- Born: 1509 Jinjiang, Fujian
- Died: 1559 (aged 49–50)
- Education: jinshi degree (1526)

Chinese name
- Chinese: 王慎中

Standard Mandarin
- Hanyu Pinyin: Wáng Shènzhōng

= Wang Shenzhong =

Chinese writer (1509–1559)

Wang Shenzhong (Note: Wang Shenzhong used the courtesy name Daosi and the art names Nanjiang, Zhonglu Shanren, and Zunyan Jushi. He was the second son, and therefore he was called Wang Zhongzi.) (1509–1559) was a Chinese prose writer during the Ming dynasty and one of the Eight Talents of the Jiajing era.

==Biography==
Wang Shenzhong was born in Jinjiang County, located in the southeastern region of Ming China in Fujian Province. From a young age, he dedicated himself to studying the Confucian classics and eventually took the civil service examinations. He successfully passed the lower levels and in 1526, he achieved the jinshi degree, allowing him to enter official service. Throughout his career, he steadily climbed the ranks and eventually became administration vice commissioner of Henan (canzheng). In 1541, he was dismissed from his position.
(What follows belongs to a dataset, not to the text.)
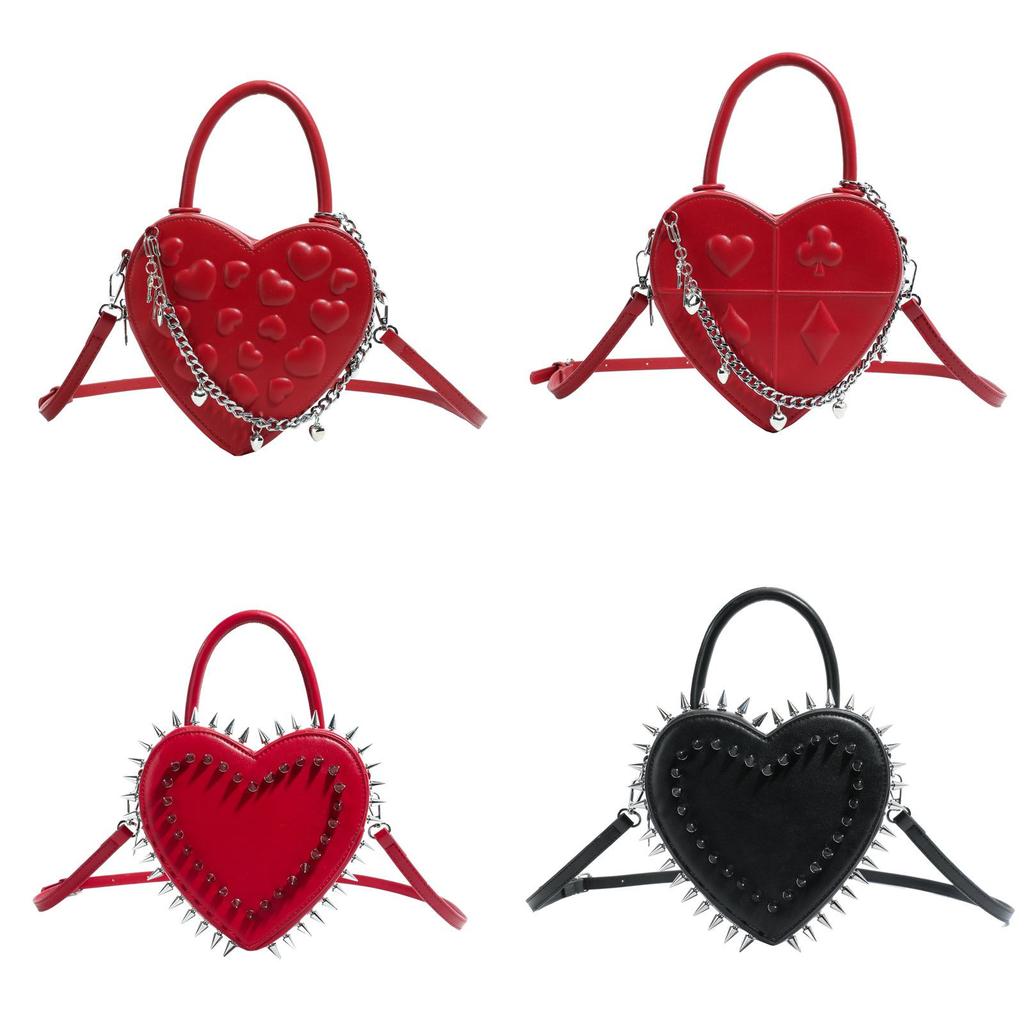 Pu Heart Shaped Bag For Women With Doublesided Stud Embellishments And Chain Strap For Daily Use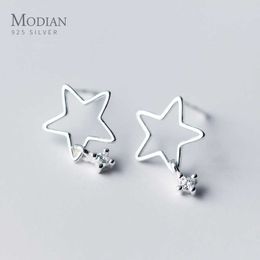 Zircon Lovely Hollow Out Simple Star 925 Sterling Silver Stud Earring for Women Korea Style Fine Jewellery Bijoux 210707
He was a prominent cultural figure during the Ming dynasty, and was considered one of the Eight Talents of the Jiajing era. The Eight Talents were influenced by authors from the Tang and Song periods and were in contrast to the dominant literary style of the time, represented by the Earlier Seven Masters of the Ming. The Seven Masters valued prose writers from the Han dynasty and earlier, as well as poets from the Tang dynasty and earlier.

At first, like many of his contemporaries, he looked to the Seven Masters as models for literary creation. Later on, however, he turned away from them and became interested in the works of Song dynasty writers Ouyang Xiu and Zeng Gong. As a literary theorist, he believed that while learning from the masters is valuable, ultimately an author must write in their own words, directly from the heart. Although he also wrote poetry, his contemporaries particularly valued his prose works. Some of his most significant works include Haishang pingkou ji, Song Cheng Longfeng junbo zhishi xu, Jinxi youji, You Qingyuanshan ji, and Zhu Bitan shi xu.